Such a sequence ${\left(D_n\right)}_{n\in \mathbb{N}}$ is called a σ-localizing sequence. A d-dimensional semimartingale is called a σ-martingale if each of its components is a one-dimensional σ-martingale.

These notions, introduced by Chou [7], further explored by Émery [51], and subsequently discussed by, for example, Jacod and Shiryaev [31] and Kallsen [33], allow certain processes to fail to be true local martingales yet still satisfy a limiting or piecewise martingale property.

Definition 2.

An equivalent σ-martingale measure (EσMM) is a probability measure $\mathbf{Q}$ with $\mathbf{Q}\sim \mathbf{P}$ such that $\widehat{S}$ is a σ-martingale under $\mathbf{Q}$. The set of all EσMM is denoted by ${\mathcal{M}}_{\sigma }$.

We also define a broader sets of absolutely continuous measures $(\mathbf{Q}\ll \mathbf{P})$ under which $\widehat{S}$ is a σ-martingale:

$${\mathcal{M}}_{\sigma }^{ac}:=\left\{\mathbf{Q};\mathbf{Q}\ll \mathbf{P},\widehat{S}\mathrm{is}\mathrm{a}\sigma -\mathrm{martingale}\mathrm{under}\mathbf{Q}\right\},$$

For more details on σ-martingales, see, for example, [28,33,48].

Definition 3.

The relative entropy $H(\mathbf{Q}\mid \mathbf{P})$ of a probability measure $\mathbf{Q}$ with respect to $\mathbf{P}$ is defined as

$$H(\mathbf{Q}\mid \mathbf{P})=\left\{\begin{array}{cc}{\int }_{\Omega }log\left({\displaystyle \frac{\mathrm{d}\mathbf{Q}}{\mathrm{d}\mathbf{P}}}\right)\mathrm{d}\mathbf{Q}={\mathbf{E}}_{\mathbf{Q}}\left(log\left({\displaystyle \frac{\mathrm{d}\mathbf{Q}}{\mathrm{d}\mathbf{P}}}\right)\right)\hfill & \mathit{for}\mathbf{Q}\ll \mathbf{P},\hfill \\ \infty \hfill & \mathit{otherwise}.\hfill \end{array}\right.$$

The relative entropy provides a notion of distance between a probability measure $\mathbf{Q}$ and a reference probability measure $\mathbf{P}$. Even though it can be interpreted as a distance, it is not a metric since neither the symmetry property nor the triangle inequality holds.

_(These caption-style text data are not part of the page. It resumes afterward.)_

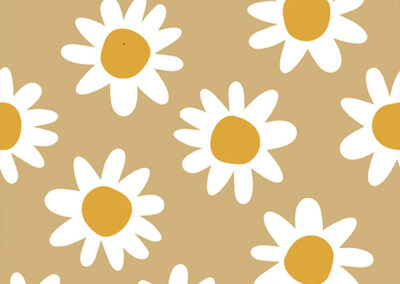 Daisy abstract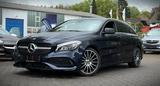 Mercedes-Benz Shooting Brake CLA 250#AMG#Schiebedach - Mercedes-Benz CLA Shooting Brake aus 2017
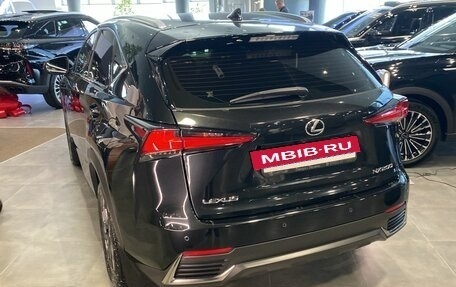 Lexus NX I, 2020 год, 3 745 000 рублей, 5 фотография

Beyond financial mathematics, relative entropy is a crucial concept in statistical physics and information theory, where it is referred to as the Kullback–Leibler divergence [46]. It also plays a fundamental role in large deviations theory, where it underpins results such as Sanov’s theorem [8]. A comprehensive summary of its applications can be found in [6].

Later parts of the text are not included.